Page MenuHomePhabricator

The Great Clean Up of Mailman2
Closed, ResolvedPublic

Description

Once T52864: Upgrade GNU Mailman from 2.1 to Mailman3 is done, we need to clean up lots of stuff:

  • Refactor puppet.
  • Disable mailman2
  • Remove the apache auth system and cut access to /private/ entierly
  • Remove emails from old archives (Note: mm3 upgrade sometimes, like 0.01% fails to upgrade a mail, should we clean them up manually and delete? Should we keep those? How to find them?
  • Delete all mm2 mail configs (with rmlist?)

Details

SubjectRepoBranchLines +/-
operations/puppetproduction+15 -15
labs/privatemaster+11 -11
operations/puppetproduction+18 -18
operations/puppetproduction+178 -165
operations/puppetproduction+31 -57
operations/puppetproduction+0 -180
operations/puppetproduction+0 -25
operations/puppetproduction+3 -5
operations/puppetproduction+2 -2
operations/puppetproduction+0 -190
operations/puppetproduction+0 -12
operations/puppetproduction+2 -8 K
operations/puppetproduction+6 -64
operations/puppetproduction+0 -9
operations/puppetproduction+4 -36
operations/puppetproduction+2 -18
operations/puppetproduction+1 -22
operations/puppetproduction+0 -696
operations/puppetproduction+13 -13
operations/puppetproduction+5 -0
operations/puppetproduction+1 -1
Show related patches Customize query in gerrit

Event Timeline

There are a very large number of changes, so older changes are hidden. Show Older Changes

@jcrespo before we embark upon this cleanup, can we mark one of the backups of var-lib-mailman to be kept long term? Per https://wikitech.wikimedia.org/wiki/Bacula#Retention it seems the normal backups are only kept for 3 months - could we have one kept for a year or two? We're not actually ready for this yet, I just wanted to check if it was possible.

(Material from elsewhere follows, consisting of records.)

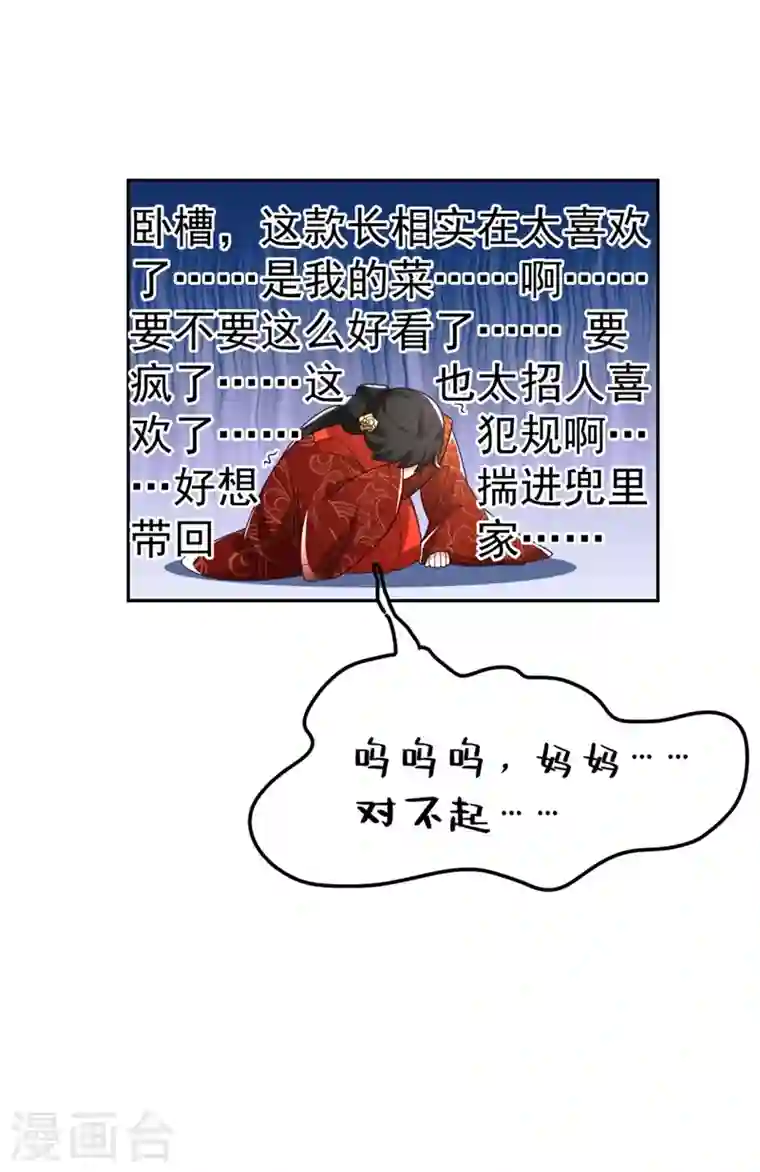 江山美男入我帐第2话 不然……干脆就调戏他？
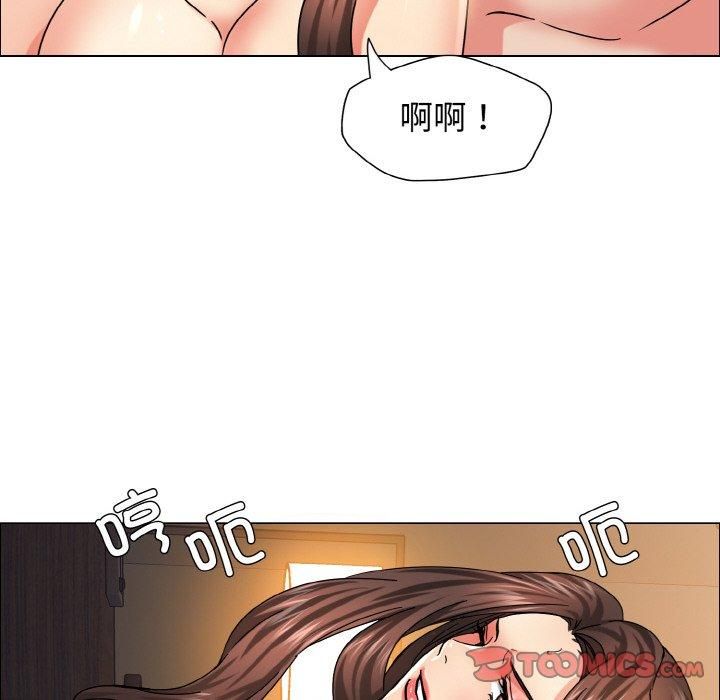 了不起的她第37話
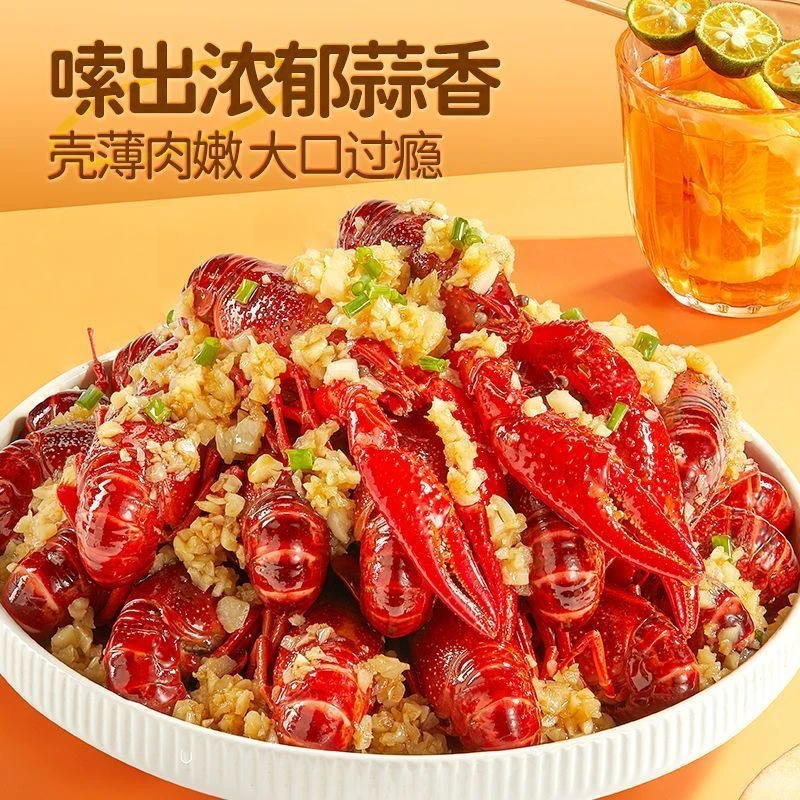顺丰【26年5月】750g*3盒 蒜香小龙虾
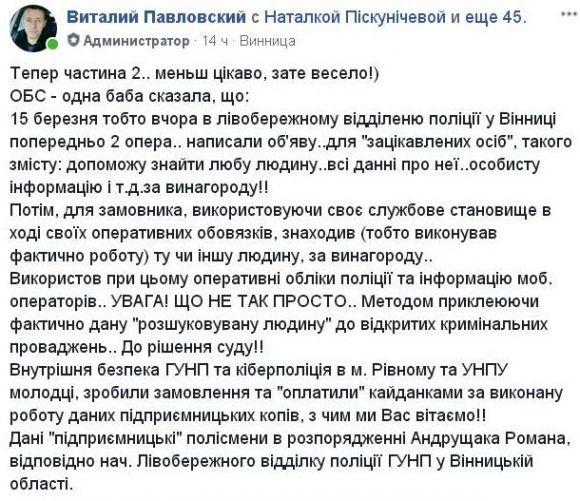 Новини Вінниці - фото з Торг на службі. Як вінницький опер швидко заробив річну зарплату за оголошенням Торг на службі. Як вінницький опер швидко заробив річну зарплату за оголошенням, фото №1 на сайті 20minut.ua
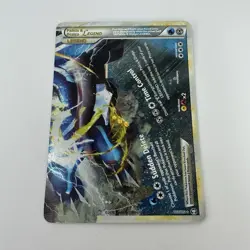 Pokemon Palkia & Dialga Legend Bottom Triumphant 102/102 Bottom - Image 1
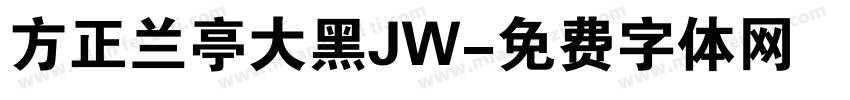 方正兰亭大黑JW字体转换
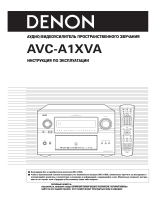 Denon AVC-A1 XVA PS Руководство пользователя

We cannot mark existing backup to be kept long term. But we can generate new backups on the archive schedule/pool, which will be retained for 5 years. If it is an old backup, we can recover it and backup with this new retention in the archive pool: https://wikitech.wikimedia.org/wiki/Bacula#Configured_Pools

Ack, we haven't deleted anything yet so creating a new backup should work. I'll ping you again once we're ready for that, thanks!

I'll ping you again once we're ready for that, thanks!

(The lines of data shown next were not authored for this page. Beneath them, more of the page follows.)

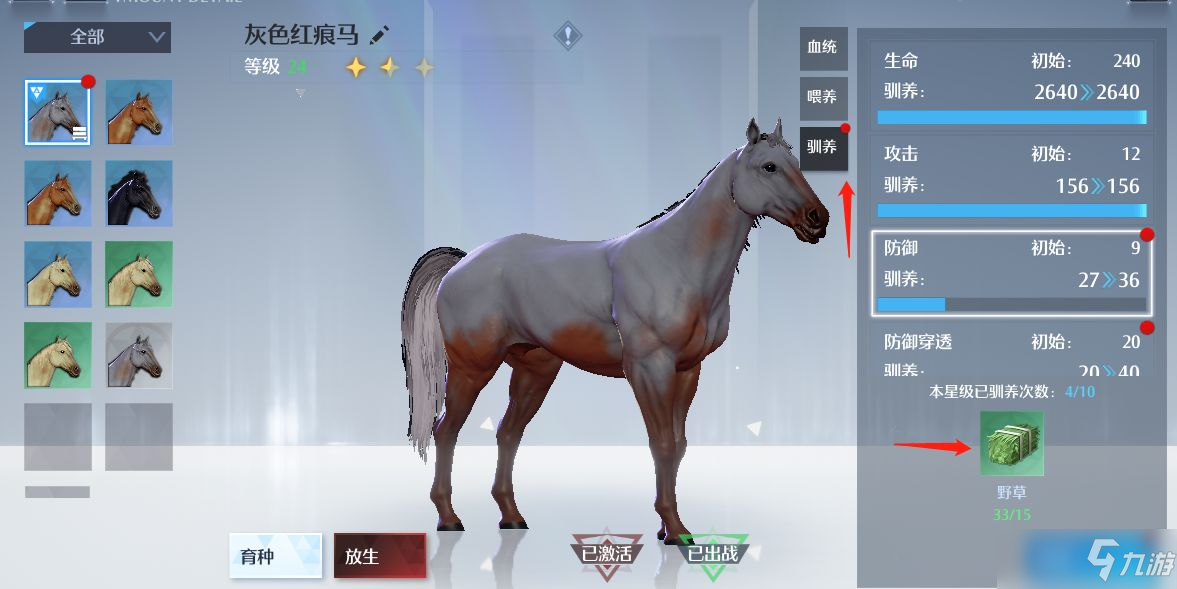 诺亚之心风之试炼怎么过 诺亚之心风之试炼攻略大全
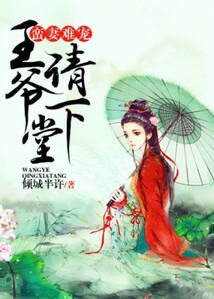 蠻妻難寵,王爺請下堂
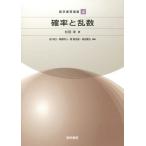 【送料無料】[本/雑誌]/確率と乱数 (数学書房選書)/杉田洋/著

I think we are ready. Assigning as requested in IRC.

Change 694210 had a related patch set uploaded (by Jcrespo; author: Jcrespo):

[operations/puppet@production] mailman2: Generate a 5-year retention Archive backups of mailman

https://gerrit.wikimedia.org/r/694210

Change 694210 merged by Jcrespo:

[operations/puppet@production] mailman2: Generate a 5-year retention Archive backups of mailman

https://gerrit.wikimedia.org/r/694210

Change 694354 had a related patch set uploaded (by Jcrespo; author: Jcrespo):

[operations/puppet@production] mailman2: Disable temporarily production mailman2 backups

https://gerrit.wikimedia.org/r/694354

Change 694354 merged by Jcrespo:

[operations/puppet@production] mailman2: Disable temporarily production mailman2 backups

https://gerrit.wikimedia.org/r/694354

Ready when you are:

Run Backup job
JobName:  lists1001.wikimedia.org-Weekly-Mon-Archive-var-lib-mailman
Level:    Full
Client:   lists1001.wikimedia.org-fd
FileSet:  var-lib-mailman
Pool:     Archive (From Job resource)
Storage:  backup1001-FileStorageArchive (From Pool resource)
When:     2021-05-25 09:52:03
Priority: 10
OK to run? (yes/mod/no):

This is now scheduled, I will monitor and give a heads up when it finishes.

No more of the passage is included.